### DESCRIPTION OF THE TASK
When you copy the listing, skip the images and return each line verbatim.

### RECORDED DATA

★ ★ ★ ★

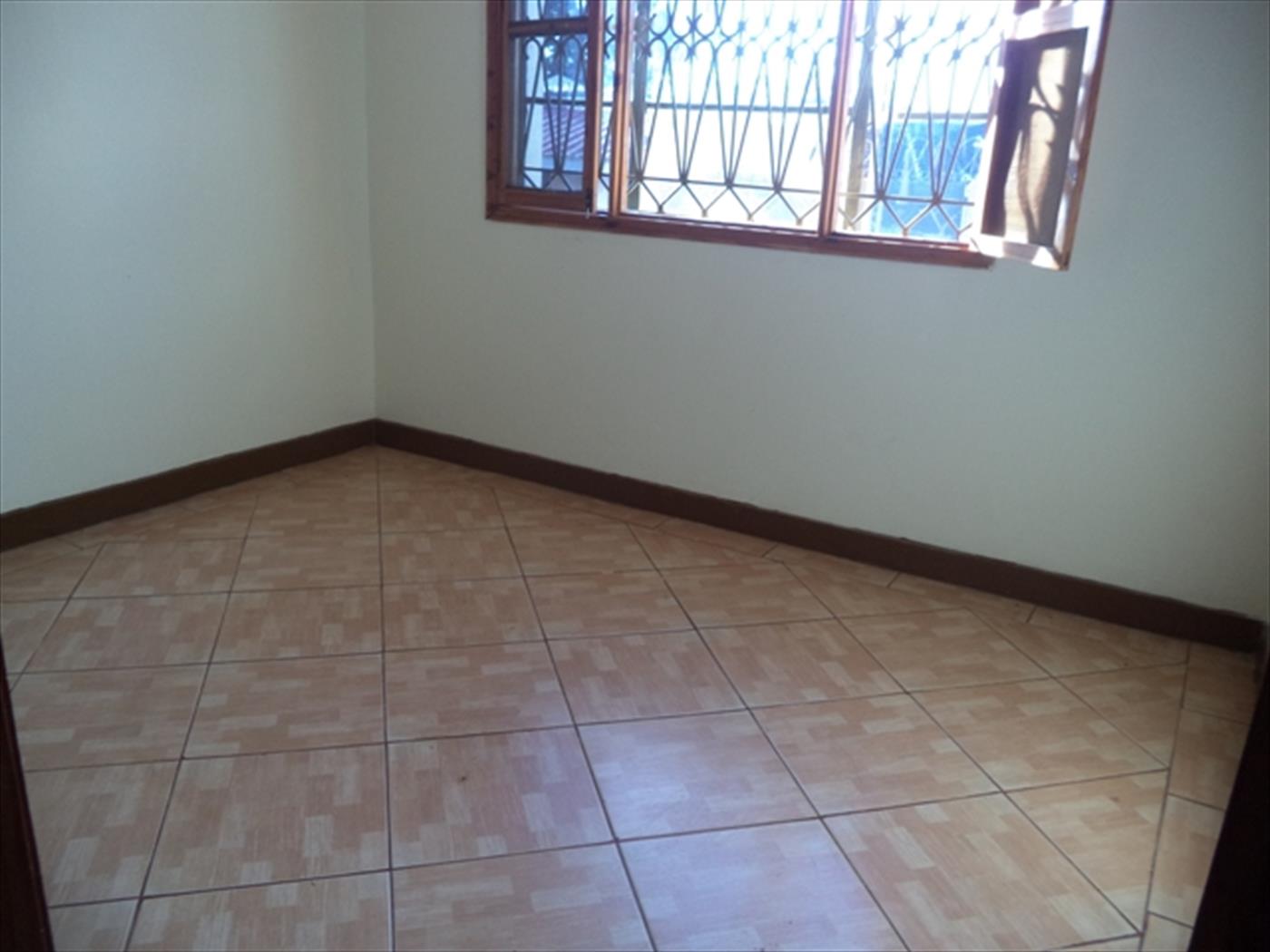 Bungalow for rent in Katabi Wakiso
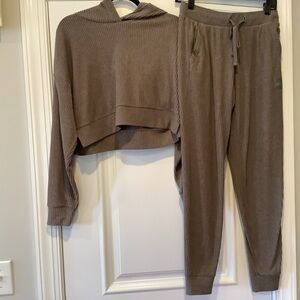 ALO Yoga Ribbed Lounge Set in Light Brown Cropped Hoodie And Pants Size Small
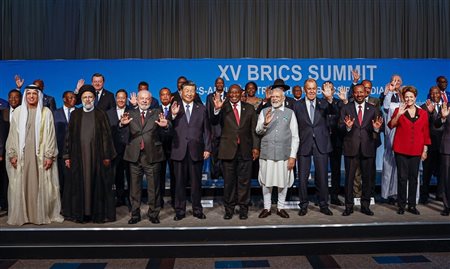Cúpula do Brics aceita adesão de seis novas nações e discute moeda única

★ ★ ★ ★

### ANSWER FOR THE TASK
 Bungalow for rent in Katabi Wakiso
 ALO Yoga Ribbed Lounge Set in Light Brown Cropped Hoodie And Pants Size Small
Cúpula do Brics aceita adesão de seis novas nações e discute moeda única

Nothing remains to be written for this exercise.